Content starts

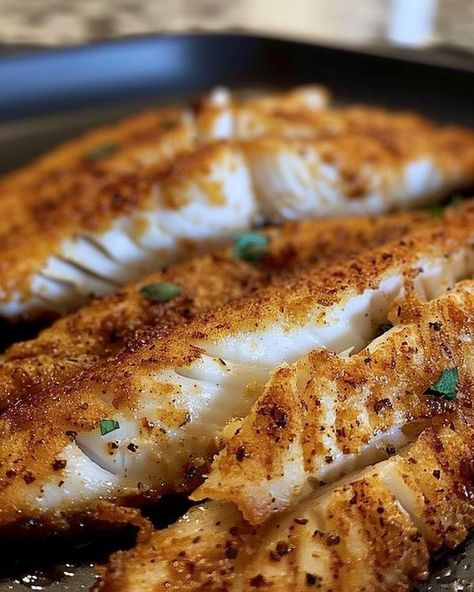 Tasty worth Blackened Catfish Recipes Oven, Bake Catfish Recipes Oven, Catfish Allison Recipe, Baked Catfish Recipes, Catfish Fillets, Baked Catfish, Southern Fried Catfish, Catfish Recipes, Creamy Parmesan Sauce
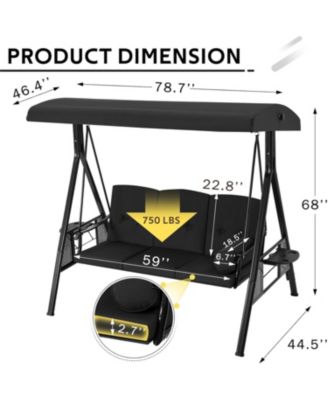 3-Seat Porch Swings with Adjustable Canopy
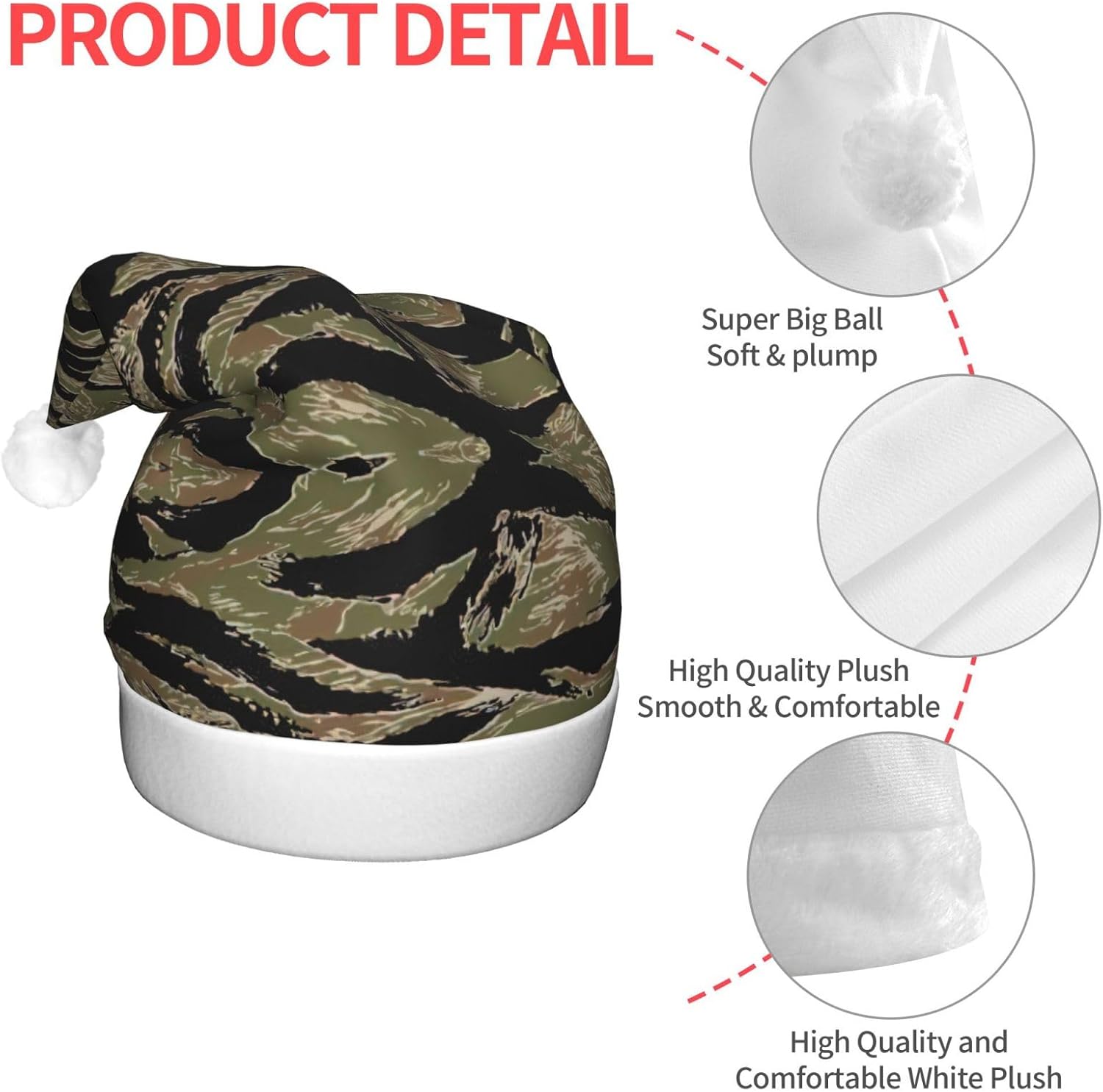 Tiger Stripe Camo Light Up Santa Hat for Adults 1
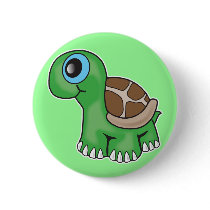 Illustration of a Cute Baby Turtle Pinback Button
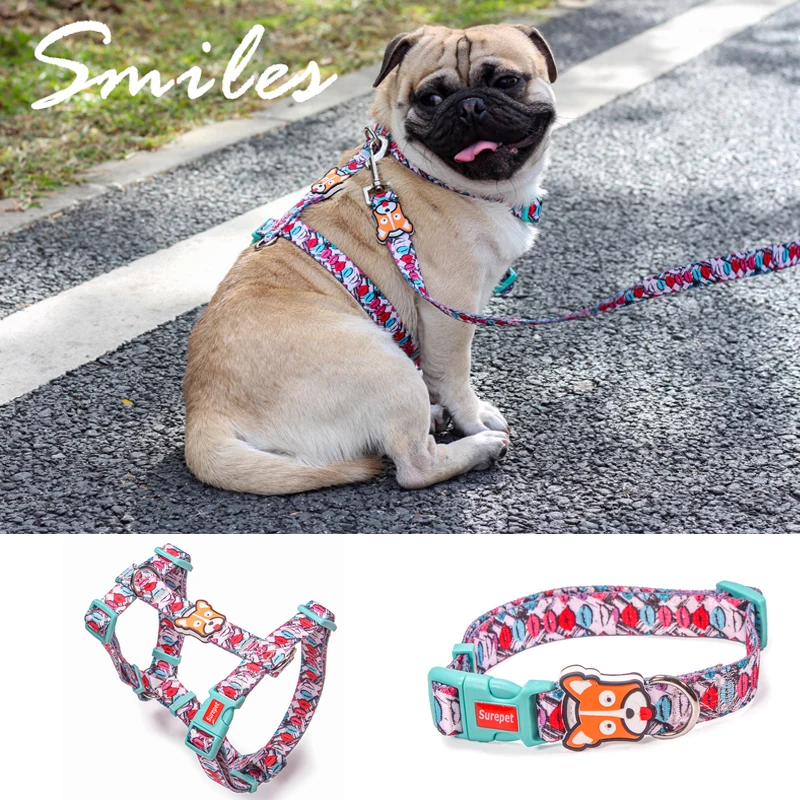 

Dog Collars Fashion Designer Print Non-Escape Nylon Dog Harness Breakaway Quick Release Pet Harness Vest Walking Lead Adjustable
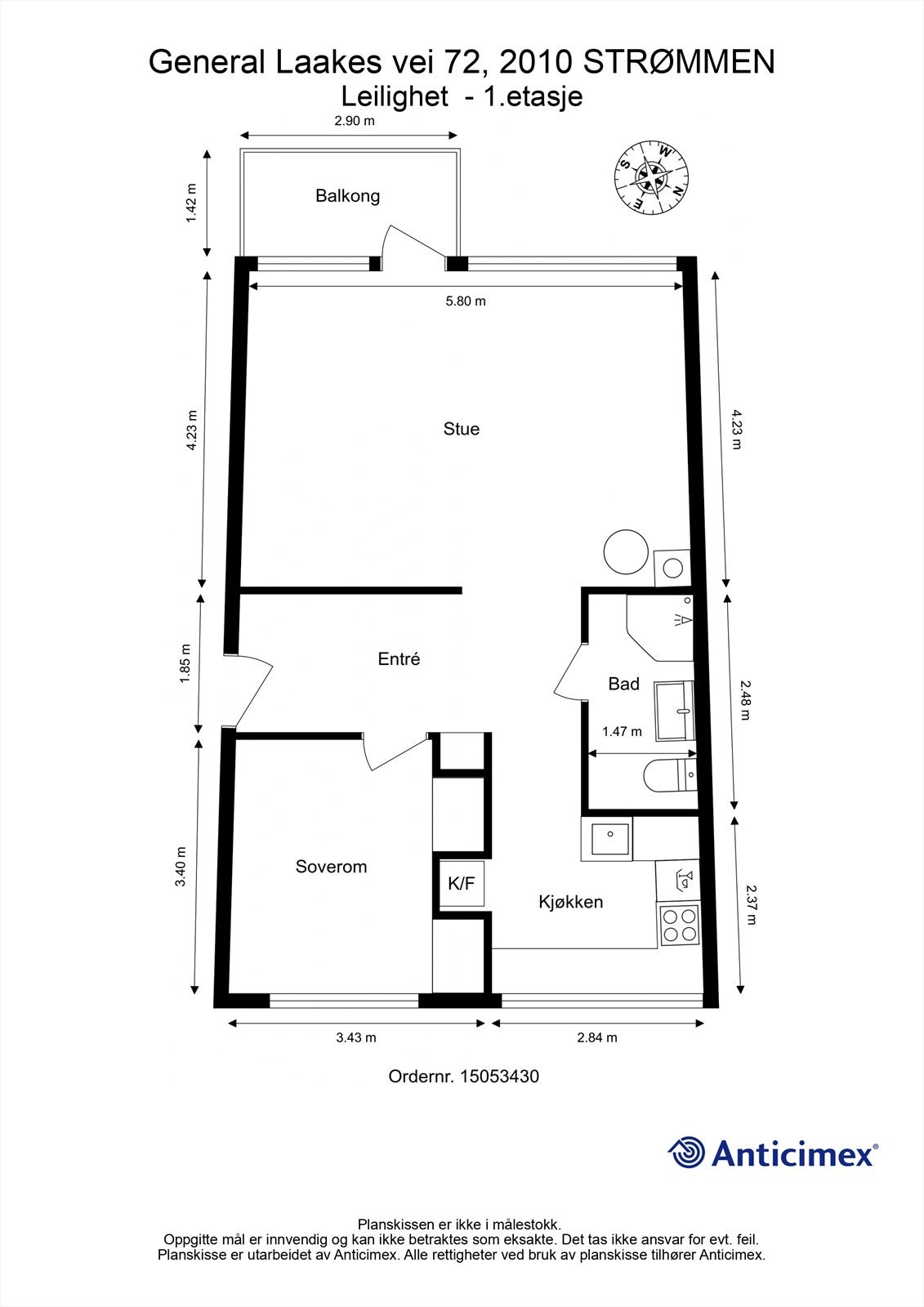 Plantegning av leiligheten. Galleribilde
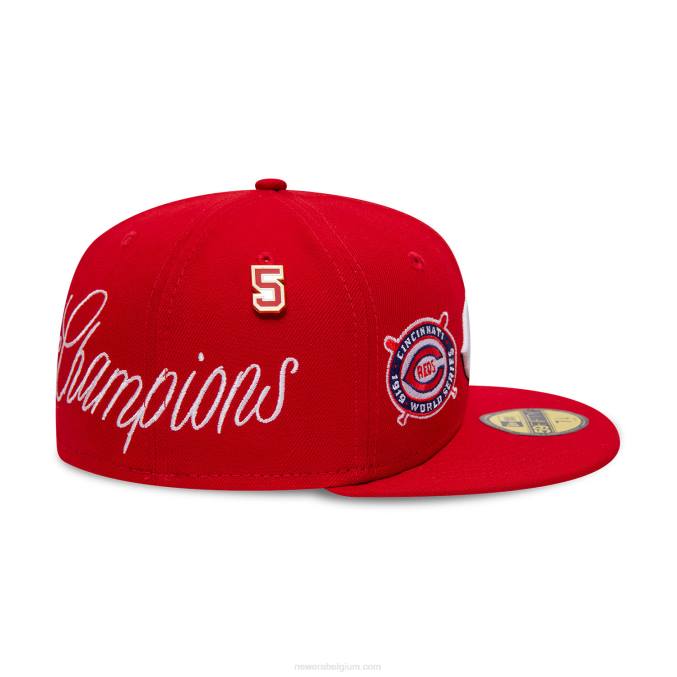 New Era cincinnati reds historische champs rode 59fifty getailleerde pet BT24274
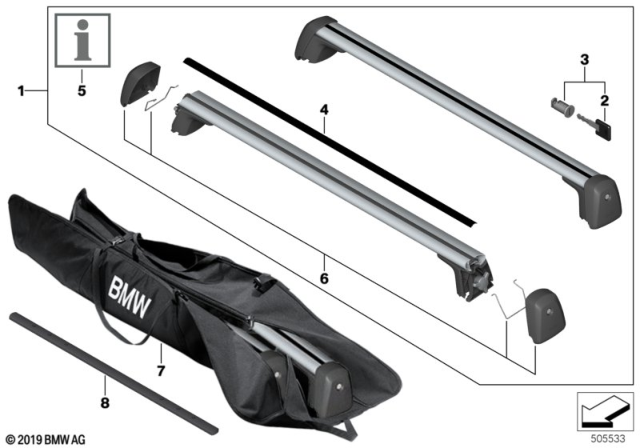 2020 BMW X3 M Railing Carrier Diagram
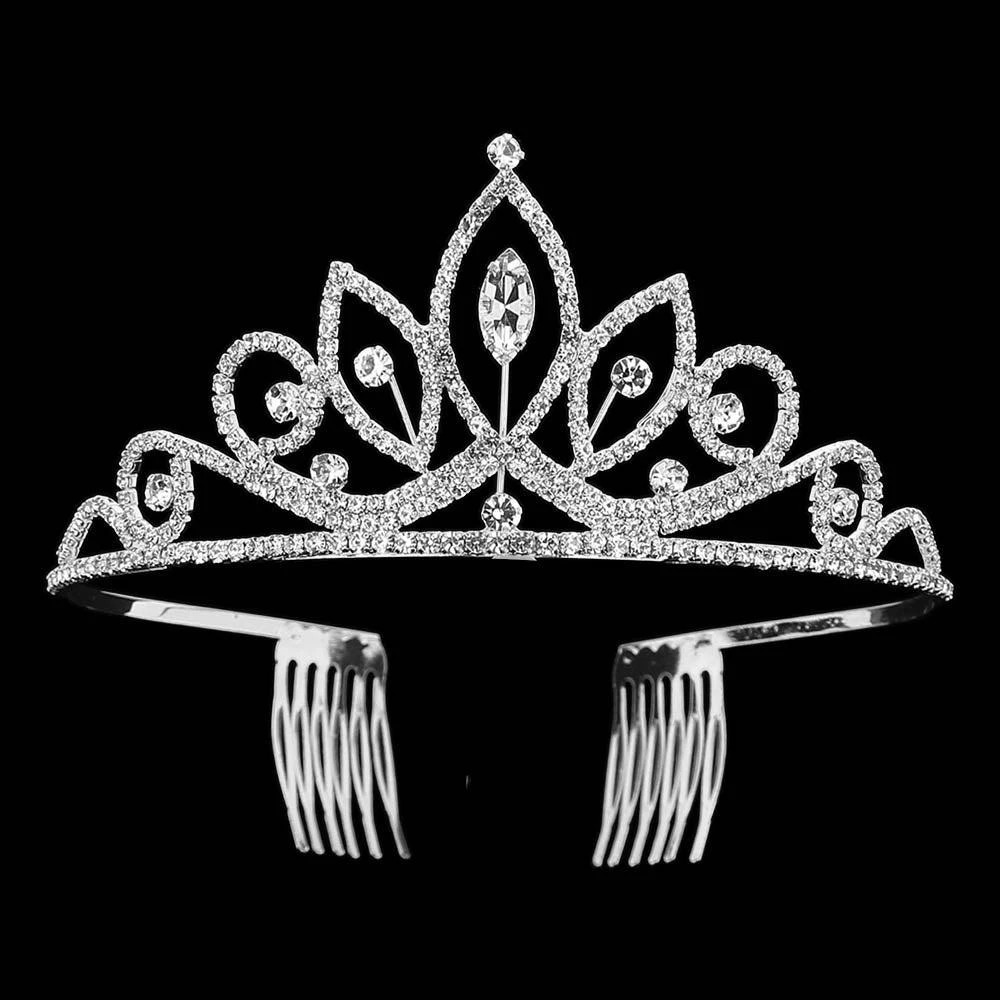 FASHNZFAB Marquise Stone Cluster Centered Rhinestone Pave Princess Tiara 2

Content ends

## WORK TO COMPLETE
Could you write out verbatim only those lines that run from the line containing "Plantegning av leiligheten. Galleribilde" through the end of the listing above, both included, without the pictures?

## RESULT OF THIS TASK
 Plantegning av leiligheten. Galleribilde
 New Era cincinnati reds historische champs rode 59fifty getailleerde pet BT24274
 2020 BMW X3 M Railing Carrier Diagram
 FASHNZFAB Marquise Stone Cluster Centered Rhinestone Pave Princess Tiara 2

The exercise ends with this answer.